▶ [Task details]:
The expected output is the data below, character for character, without its pictures.

▶ [Collected data]:
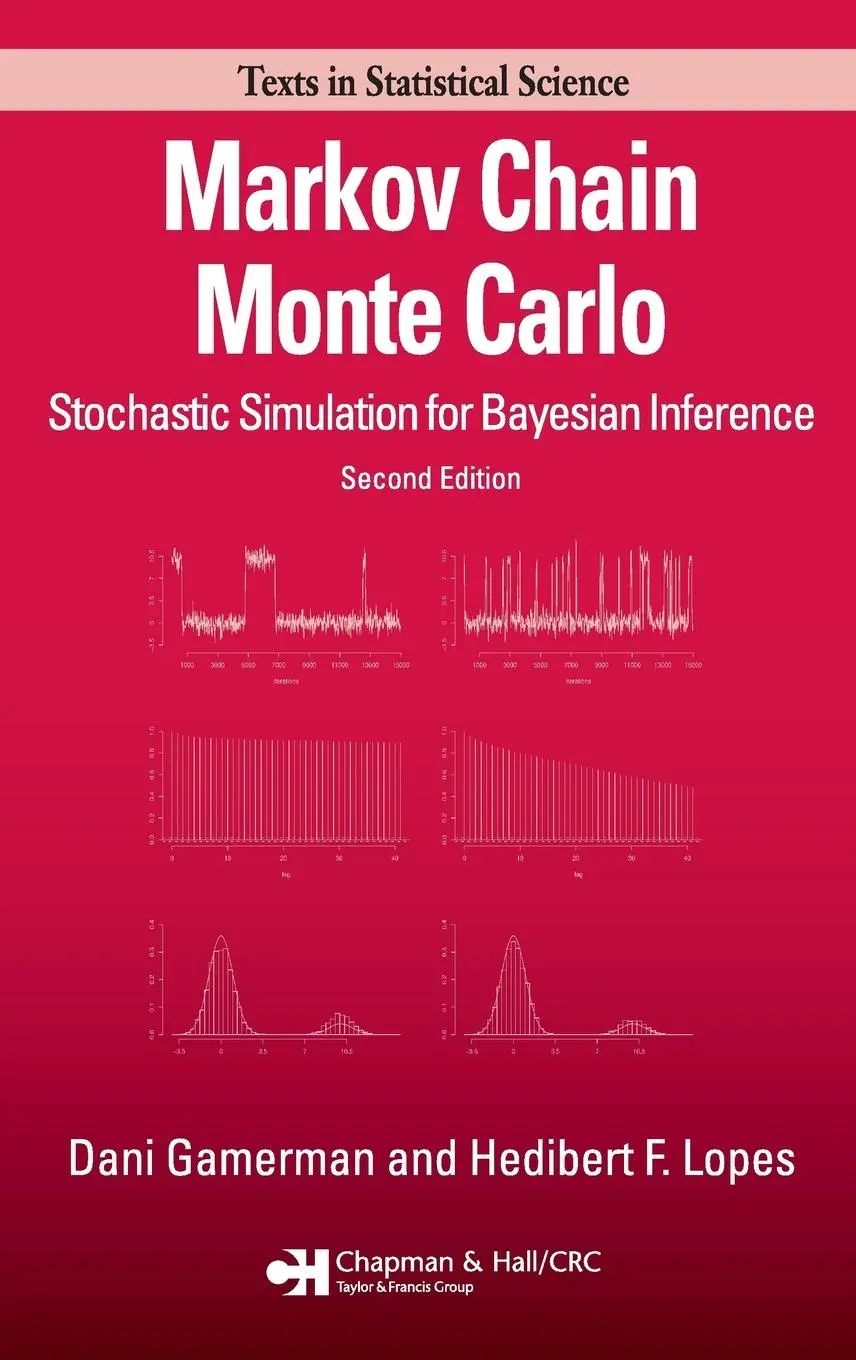 Cover: 9781584885870 | Markov Chain Monte Carlo | Dani Gamerman (u. a.) | Buch | Englisch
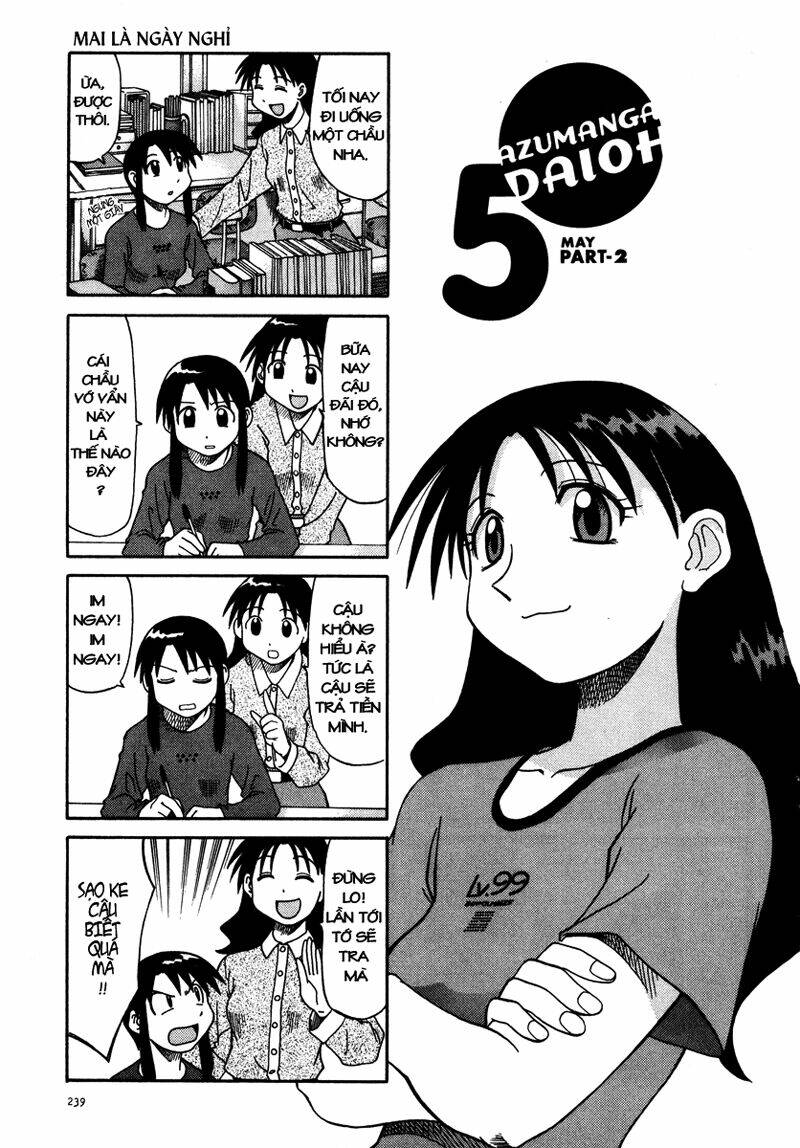 Azumanga Daioh Chapter 26 - Trang 2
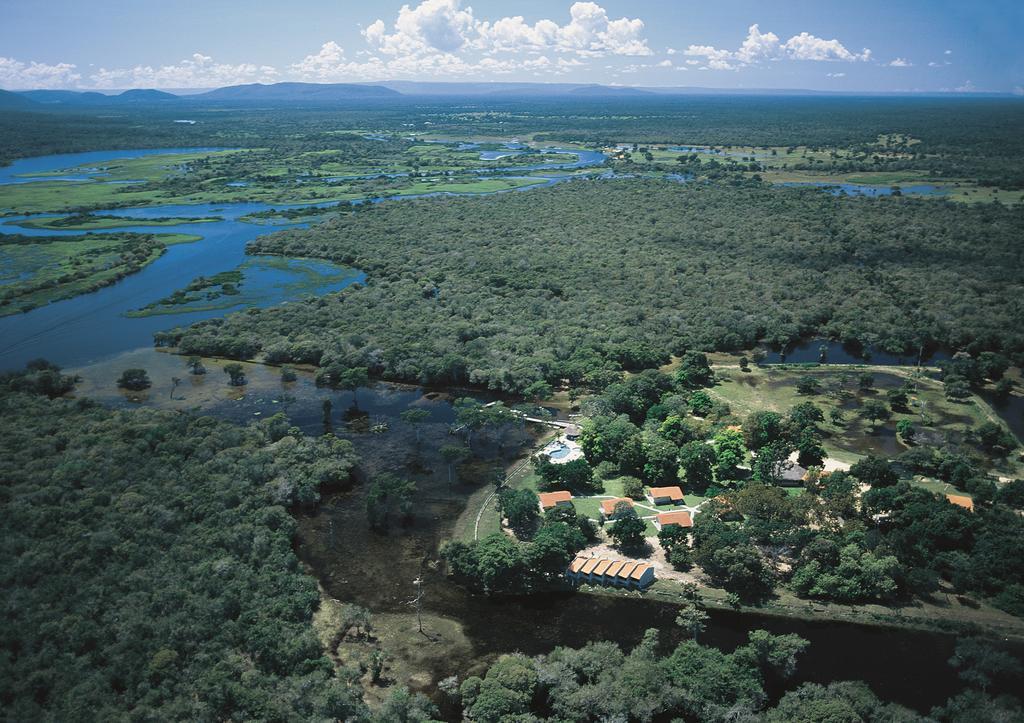 Pousada Do Rio Mutum Barao de Melgaco Exterior foto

▶ [Solution for this exercise]:
 Cover: 9781584885870 | Markov Chain Monte Carlo | Dani Gamerman (u. a.) | Buch | Englisch
 Azumanga Daioh Chapter 26 - Trang 2
 Pousada Do Rio Mutum Barao de Melgaco Exterior foto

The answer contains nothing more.